Batch insert update problem! #218

Closed
zhouhero opened this Issue Mar 18, 2013 · 21 comments

Projects

None yet

3 participants

@zhouhero

I my use batch to insert data to 178 master tables, there was no exception and the action is succeed. But when i check the num of the records inserted int to tables , i find that some table's records number is not correct. I seems that , some data in the cach are not flush to the tables!

[my env]
kunder2.4 + cassandra1.2
kundera.batch.size = 5000

Can you tell me the where are the problems imposable?

@mevivs
Collaborator
mevivs commented Mar 18, 2013

This should not be happening.

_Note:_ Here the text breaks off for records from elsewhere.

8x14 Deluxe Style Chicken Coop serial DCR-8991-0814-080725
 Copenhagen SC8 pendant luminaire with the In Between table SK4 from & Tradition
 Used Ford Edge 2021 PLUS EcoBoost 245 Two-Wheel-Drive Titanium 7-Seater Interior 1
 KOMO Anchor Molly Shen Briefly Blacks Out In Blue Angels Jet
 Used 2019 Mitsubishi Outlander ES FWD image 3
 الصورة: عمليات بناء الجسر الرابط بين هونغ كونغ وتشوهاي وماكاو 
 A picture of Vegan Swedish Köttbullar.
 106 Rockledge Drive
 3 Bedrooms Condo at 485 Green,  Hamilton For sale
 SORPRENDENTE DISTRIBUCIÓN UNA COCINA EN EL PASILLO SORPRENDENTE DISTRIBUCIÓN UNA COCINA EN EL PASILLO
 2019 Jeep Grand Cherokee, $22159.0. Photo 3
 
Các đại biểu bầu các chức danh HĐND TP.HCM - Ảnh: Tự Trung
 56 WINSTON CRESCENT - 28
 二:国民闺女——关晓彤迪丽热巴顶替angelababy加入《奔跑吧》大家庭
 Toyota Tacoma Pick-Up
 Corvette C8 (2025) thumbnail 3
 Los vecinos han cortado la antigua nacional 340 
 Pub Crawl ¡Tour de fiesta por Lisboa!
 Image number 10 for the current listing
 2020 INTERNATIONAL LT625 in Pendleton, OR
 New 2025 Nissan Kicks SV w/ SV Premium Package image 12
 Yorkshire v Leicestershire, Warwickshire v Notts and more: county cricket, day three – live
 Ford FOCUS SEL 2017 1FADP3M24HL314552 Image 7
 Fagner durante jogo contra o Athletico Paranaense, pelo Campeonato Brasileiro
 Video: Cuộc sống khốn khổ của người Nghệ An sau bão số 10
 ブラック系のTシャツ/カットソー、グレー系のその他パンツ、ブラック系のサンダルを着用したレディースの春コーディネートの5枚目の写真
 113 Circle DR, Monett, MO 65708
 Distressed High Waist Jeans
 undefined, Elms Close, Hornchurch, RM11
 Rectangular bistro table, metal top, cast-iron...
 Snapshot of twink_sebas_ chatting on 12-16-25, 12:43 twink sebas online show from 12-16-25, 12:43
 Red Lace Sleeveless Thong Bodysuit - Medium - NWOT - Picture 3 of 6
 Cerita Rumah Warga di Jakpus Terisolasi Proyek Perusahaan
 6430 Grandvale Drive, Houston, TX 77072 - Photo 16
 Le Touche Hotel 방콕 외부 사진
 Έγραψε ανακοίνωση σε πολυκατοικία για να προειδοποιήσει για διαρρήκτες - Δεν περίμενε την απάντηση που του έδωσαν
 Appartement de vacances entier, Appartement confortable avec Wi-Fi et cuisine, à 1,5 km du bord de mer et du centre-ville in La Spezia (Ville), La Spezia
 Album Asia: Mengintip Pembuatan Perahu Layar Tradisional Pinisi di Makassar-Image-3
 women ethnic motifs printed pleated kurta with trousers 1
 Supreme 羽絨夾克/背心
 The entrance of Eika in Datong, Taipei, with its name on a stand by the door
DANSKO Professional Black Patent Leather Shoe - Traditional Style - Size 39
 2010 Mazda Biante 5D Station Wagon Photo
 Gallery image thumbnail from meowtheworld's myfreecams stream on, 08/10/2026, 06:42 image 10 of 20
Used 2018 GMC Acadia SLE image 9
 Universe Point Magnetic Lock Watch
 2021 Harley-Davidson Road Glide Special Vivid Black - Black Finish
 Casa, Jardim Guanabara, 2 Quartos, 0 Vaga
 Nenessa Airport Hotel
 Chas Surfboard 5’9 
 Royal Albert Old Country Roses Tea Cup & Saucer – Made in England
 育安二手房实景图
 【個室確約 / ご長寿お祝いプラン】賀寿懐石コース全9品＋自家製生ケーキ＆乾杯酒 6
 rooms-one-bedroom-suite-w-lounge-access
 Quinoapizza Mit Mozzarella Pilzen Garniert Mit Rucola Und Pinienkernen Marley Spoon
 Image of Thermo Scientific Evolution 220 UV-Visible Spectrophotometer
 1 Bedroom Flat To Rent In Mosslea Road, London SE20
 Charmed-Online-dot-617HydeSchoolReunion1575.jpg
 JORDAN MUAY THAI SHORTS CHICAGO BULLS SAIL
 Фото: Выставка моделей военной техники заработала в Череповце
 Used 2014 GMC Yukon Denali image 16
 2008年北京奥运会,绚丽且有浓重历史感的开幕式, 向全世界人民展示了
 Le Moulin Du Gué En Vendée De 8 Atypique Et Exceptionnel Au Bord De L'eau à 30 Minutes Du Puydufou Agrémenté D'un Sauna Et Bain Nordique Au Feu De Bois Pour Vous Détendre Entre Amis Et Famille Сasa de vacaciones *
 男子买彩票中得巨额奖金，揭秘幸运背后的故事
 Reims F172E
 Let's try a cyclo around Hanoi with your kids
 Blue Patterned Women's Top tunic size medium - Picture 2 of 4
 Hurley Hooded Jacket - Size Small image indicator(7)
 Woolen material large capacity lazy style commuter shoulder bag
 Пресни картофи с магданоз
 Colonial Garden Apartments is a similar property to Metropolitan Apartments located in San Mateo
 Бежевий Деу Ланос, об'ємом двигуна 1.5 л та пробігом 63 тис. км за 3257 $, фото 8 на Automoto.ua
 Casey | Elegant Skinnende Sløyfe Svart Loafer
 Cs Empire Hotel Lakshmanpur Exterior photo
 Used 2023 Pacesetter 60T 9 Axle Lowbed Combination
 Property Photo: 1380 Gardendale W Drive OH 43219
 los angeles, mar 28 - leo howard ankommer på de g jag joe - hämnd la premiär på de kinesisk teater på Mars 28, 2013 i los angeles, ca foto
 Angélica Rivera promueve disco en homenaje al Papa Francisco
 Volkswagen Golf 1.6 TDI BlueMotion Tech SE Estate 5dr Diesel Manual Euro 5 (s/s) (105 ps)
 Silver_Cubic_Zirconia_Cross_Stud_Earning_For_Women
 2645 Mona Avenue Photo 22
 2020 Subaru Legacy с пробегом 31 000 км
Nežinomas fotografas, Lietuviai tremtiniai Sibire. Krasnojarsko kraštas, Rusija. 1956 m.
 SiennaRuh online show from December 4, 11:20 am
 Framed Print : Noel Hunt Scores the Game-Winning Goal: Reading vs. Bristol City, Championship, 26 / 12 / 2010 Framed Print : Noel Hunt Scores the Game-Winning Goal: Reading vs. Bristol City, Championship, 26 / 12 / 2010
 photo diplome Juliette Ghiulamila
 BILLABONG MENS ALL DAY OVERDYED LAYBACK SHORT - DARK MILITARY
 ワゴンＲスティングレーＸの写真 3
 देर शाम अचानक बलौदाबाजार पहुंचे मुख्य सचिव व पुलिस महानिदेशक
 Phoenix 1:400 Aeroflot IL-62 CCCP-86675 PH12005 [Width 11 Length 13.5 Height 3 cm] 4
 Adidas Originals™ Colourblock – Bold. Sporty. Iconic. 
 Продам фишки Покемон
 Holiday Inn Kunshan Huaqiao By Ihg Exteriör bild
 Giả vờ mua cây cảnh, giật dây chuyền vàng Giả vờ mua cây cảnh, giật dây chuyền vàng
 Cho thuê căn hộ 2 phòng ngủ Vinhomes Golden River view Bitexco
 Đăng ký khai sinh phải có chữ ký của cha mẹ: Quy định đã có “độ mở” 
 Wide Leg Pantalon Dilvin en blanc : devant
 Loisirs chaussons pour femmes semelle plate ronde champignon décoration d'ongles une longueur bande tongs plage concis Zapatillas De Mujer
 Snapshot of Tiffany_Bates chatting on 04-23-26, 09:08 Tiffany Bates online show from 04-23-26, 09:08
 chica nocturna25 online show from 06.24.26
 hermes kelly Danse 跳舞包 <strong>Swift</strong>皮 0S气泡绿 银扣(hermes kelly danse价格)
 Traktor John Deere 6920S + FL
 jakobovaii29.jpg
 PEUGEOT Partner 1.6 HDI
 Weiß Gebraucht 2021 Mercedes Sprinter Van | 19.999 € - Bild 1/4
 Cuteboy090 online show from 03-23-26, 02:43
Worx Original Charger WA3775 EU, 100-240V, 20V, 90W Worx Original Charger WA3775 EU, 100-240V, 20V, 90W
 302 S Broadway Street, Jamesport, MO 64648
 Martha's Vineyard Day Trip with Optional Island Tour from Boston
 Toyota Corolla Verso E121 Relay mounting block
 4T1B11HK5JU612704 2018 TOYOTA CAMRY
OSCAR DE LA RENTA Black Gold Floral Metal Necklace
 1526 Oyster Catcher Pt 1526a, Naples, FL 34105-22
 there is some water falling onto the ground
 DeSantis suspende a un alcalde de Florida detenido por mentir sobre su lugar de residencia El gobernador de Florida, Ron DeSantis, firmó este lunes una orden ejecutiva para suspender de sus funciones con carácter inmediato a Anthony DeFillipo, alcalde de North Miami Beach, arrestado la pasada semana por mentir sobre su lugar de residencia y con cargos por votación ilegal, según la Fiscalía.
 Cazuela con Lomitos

I would suggest you to replicate this with entities which belong to those tables complaining about incorrect number of records. Please test and let me know if you get into any issues.

-Vivek

@mevivs
Collaborator
mevivs commented Mar 18, 2013

Also, you may want to try:
em.flush() followed by em.close() for successful termination of em.

-Vivek

@zhouhero

when i insert the data row by row without using batch, the record num are correct.
by the way, do close() after flush() at the end of the insert action like you suggested

@mevivs
Collaborator
mevivs commented Mar 18, 2013

Hmm. Can you share your entity definition and test case ?

-Vivek

@zhouhero

can you tell me how to debug data just before sending to cassandra server?

@mevivs
Collaborator
mevivs commented Mar 18, 2013

There are two methods in CassandraClientBase.java :

  1. onBatchLimit()
  2. executeBatch().

Unfortunately they don't have any logging statements but you may add and try to debug it.

-Vivek

@zhouhero

I find that if the two tables have the same pk , this problem will happend.

// test1 table insert

test1Entity1.setID(UUID.fromstring(13816710-1dd2-11b2-0000-242d50cf1ff7)) // uuid, pk
test1Entity1.setXX();
em.insert(test1Entity1);

test1Entity2.setID(UUID.fromstring(13818e20-1dd2-11b2-0000-242d50cf1ffc)) // uuid, pk
test1Entity2.setXX();
em.insert(test1Entity2);

test1Entity3.setID(UUID.fromstring(1381b530-1dd2-11b2-0000-242d50cf1ffc)) // uuid, pk
test1Entity3.setXX();
em.insert(test1Entity3);

test1Entity4.setID(UUID.fromstring(1381dc40-1dd2-11b2-0000-242d50cf1ffc)) // uuid, pk
test1Entity4.setXX();
em.insert(test1Entity4);

test1Entity5.setID(UUID.fromstring(13820350-1dd2-11b2-0000-242d50cf1ffc)) // uuid, pk
test1Entity5.setXX();
em.insert(test1Entity5);

test1Entity6.setID(UUID.fromstring(13822a60-1dd2-11b2-0000-242d50cf1ffc)) // uuid, pk
test1Entity6.setXX();
em.insert(test1Entity6);

// test2 table insert
test2Entity1.setID(UUID.fromstring(13816710-1dd2-11b2-0000-242d50cf1ff7)) // uuid, pk
test2Entity1.setXX();
em.insert(test2Entity1);

test2Entity2.setID(UUID.fromstring(13818e20-1dd2-11b2-0000-242d50cf1ff7)) // uuid, pk
test2Entity2.setXX();
em.insert(test2Entity2);

em.flush();

[the result]
the record num inserted to test1: 5 // 6 is right!
the record num inserted to test2: 2

@mevivs
Collaborator
mevivs commented Mar 18, 2013

So test1 and test2 are entities on same column family or on different column families(i assume on different column families). Just to clarify, Batchsize is not specific to an entity but for complete application. So for example if batchsize is 5, then implicit flush will happen even if you create persist 3 entities for test1 and 2 for test2!
This is an expected behaviour. Same UUID should not be an issue? Am i clear on this?

-Vivek

@zhouhero

first, test1 and test2 are diffrent tables.
then, my batchsize is 5000.
Yes, UUID can not be same in one table, but the same UUID can be in diffrent tables.

@mevivs
Collaborator
mevivs commented Mar 18, 2013

Can you share your sample project to replicate this issue?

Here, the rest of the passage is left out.